Padrao de Descobrimentos
It's a pleasant walk along the shores of the river, through a park, past the marina to the next attraction, and plenty of little souvenir shops and eateries where you can grab a drink or snack. I am happy to report that there was only one boat on the boat ramp on a friday afternoon, though the husband shouting at his wife trying to back the trailer into the water was just like the scene at Lucky Peak back home. From a distance, the Padrao dos Descobrimentos doesn't look all that big, but as you slowly get closer, it assumes Rushmore-like qualities. The monument is designed in the shape of a caravello, a sailing boat, and is lined with the figures of royalty, explorers and other famed Portugese. There's an elevator ride to the top, but we weren't all that interested in waiting in line for it, for a slightly different perspective on the river views. We spoke a bit with an Iranian couple, who now live in Canada, and helped each other get photos taken.

Mosteiro across the Praca
There's a pedestrian underpass nearby, with street vendors and one particularly bad street saxophonist to get by, and we crossed the road to arrive at the Praca do Imperio, a very nice park with a large round central fountain, reflecting ponds with the obligatory horse statues, and lots and lots of park benches with shady spots to relax, check the guidebook, and regroup. Right next to the Praca is the Centro Cultural de Belem, where they hold concerts and recitals, and which also contains a museum of modern art, Museu Berardo. We went inside, where it was A) air conditioned, and B) had very clean nice bathrooms, and spent some time looking at and failing to comprehend pretty much the entire collection. I mean, it's obvious in some undefinable way that it is Art, but it's nothing I'd want to look at in my living room or office for any length of time, so who buys this stuff, anyway? There were a couple of pieces I found more whimsical by a South African artist, but the rest of it left me cold.

Manny had been helping his friend, Ricardo, deliver some cases of wine for his mother's business, early in the day, but he drove into town to join us at this point, and we went into the Mosteiro dos Jeronimos, which is a 16th century monastery, containing the National Museum of Archeology, for a brief look at the church. The place was crowded with bus after bus of tourists, and we decided we wanted to see the more modern side of Lisbon, instead of taking the full tour of the museum. Manny drove us all out to the area where the 1998 World's Fair was held, and we had a nice time at the Oceanario, looking at the marine life, including one pacific otter who is a long long way from home. We promised to say hello to his Northwest cousins when we get back. There was a great display about amphibians, with a ton of exotic frogs. I do love little froggies.

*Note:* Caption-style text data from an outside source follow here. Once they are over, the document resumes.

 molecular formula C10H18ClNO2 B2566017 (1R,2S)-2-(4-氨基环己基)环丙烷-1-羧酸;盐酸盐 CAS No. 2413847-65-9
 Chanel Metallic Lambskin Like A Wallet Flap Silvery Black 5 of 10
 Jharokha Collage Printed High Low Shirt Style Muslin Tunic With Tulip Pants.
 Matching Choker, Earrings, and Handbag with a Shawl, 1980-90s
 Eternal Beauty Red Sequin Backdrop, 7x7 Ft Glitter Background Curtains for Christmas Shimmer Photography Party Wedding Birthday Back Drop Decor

Interior shots never turn out this well
This entire area was an old deteriorating portion of the city before the Fair, but it is a wonderful example of modernity now. One of my favorites was the volcano shaped fountains that burble along merrily for about twenty minutes, then suddenly "erupt", spraying water far into the air. Couldn't catch an eruption on camera as we were driving through, unfortunately. After exploring the area by car, we headed back up the coast to Cascais, stopped at the grocery store to pick up some cheeses, sausage, olives - there are dozens of varieties to chose from here - then to a local chicken roastery - think KFC in popularity, and with a walk-through pickup window - for a couple of whole roast chickens, one buttered, the other spicy, and back to the house to gather with Manuel and Irene and Robert for a late dinner and loads of good conversation after out on the patio, with the cool ocean breeze blowing. I leave you with a peaceful image from the church of the Jeronimos.

1 comment:

Elizabeth said...

Beautiful....I have never been to Lisbon, but have been to that city.

Also have been to Madrid and Sevilla.

Spain is a beautiful country.....I am not a fan of the cuisine, though.